INSTRUCTIONS FOR THE TASK → Would you return the data exactly as given, except for its pictures?

SOURCE DATA →
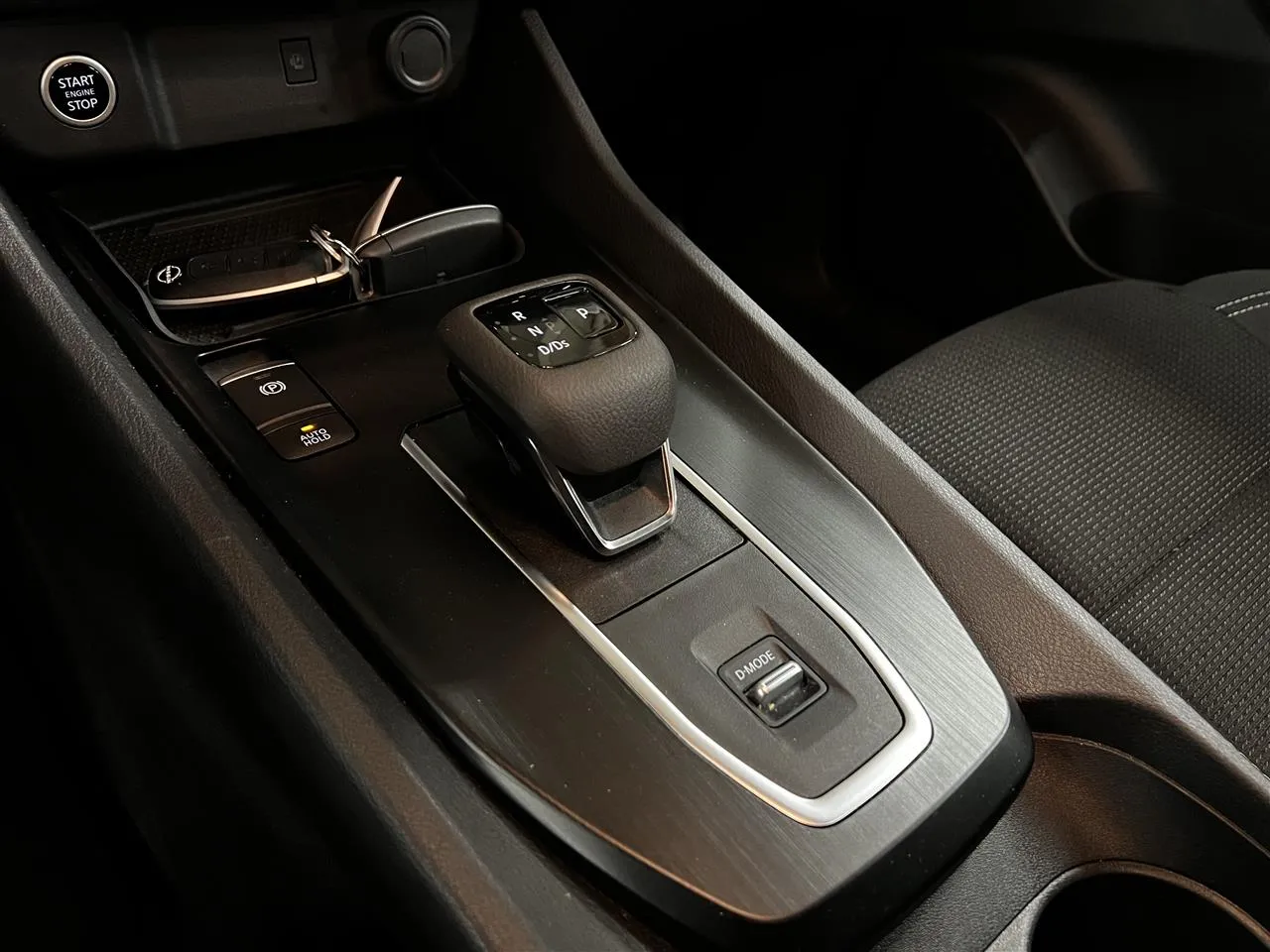 Nissan Qashqai GPV-801 carousel image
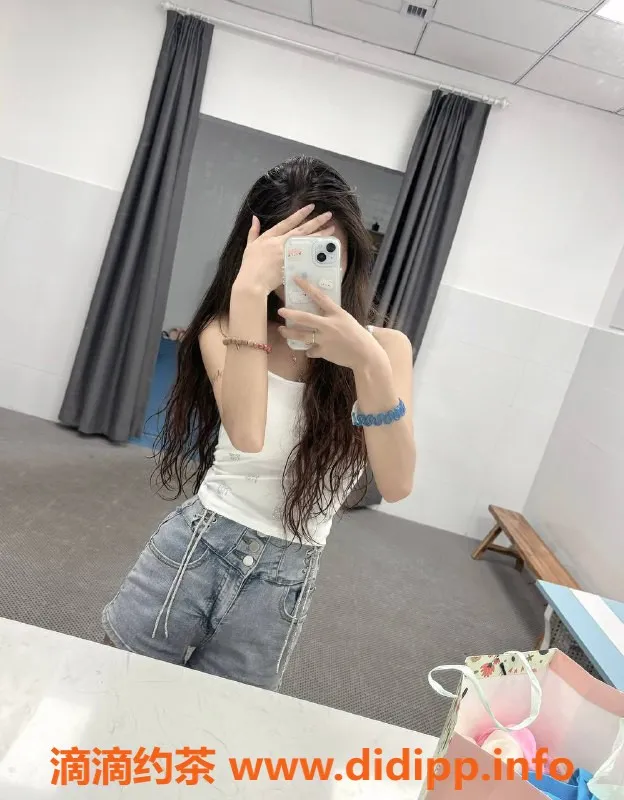 杭州楼凤-杭州上城区18岁清纯妹琳琳，800元体验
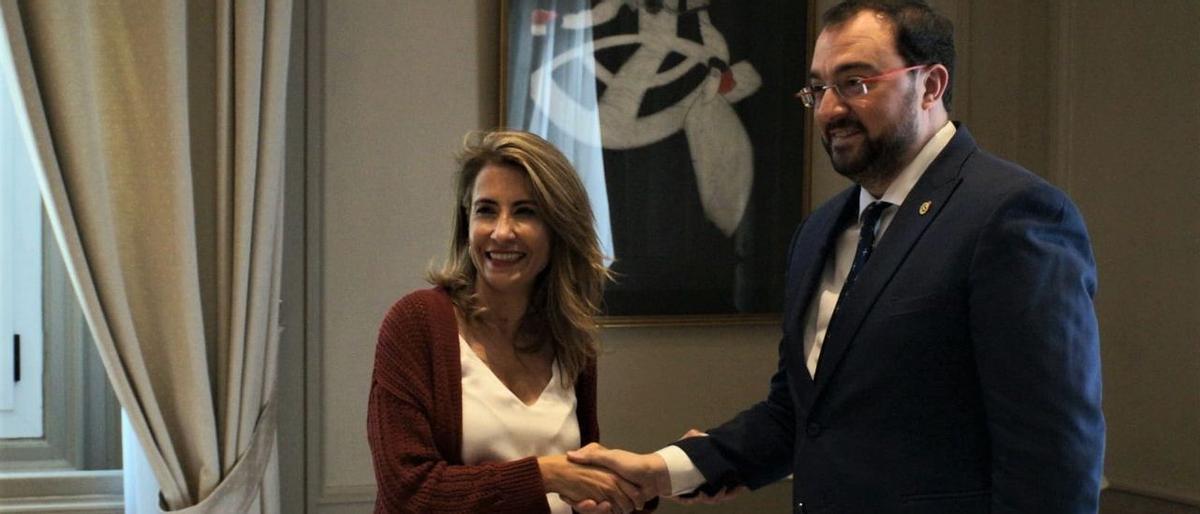 Adrián Barbón con Raquel Sánchez esta tarde.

ANSWER →
 Nissan Qashqai GPV-801 carousel image
 杭州楼凤-杭州上城区18岁清纯妹琳琳，800元体验
 Adrián Barbón con Raquel Sánchez esta tarde.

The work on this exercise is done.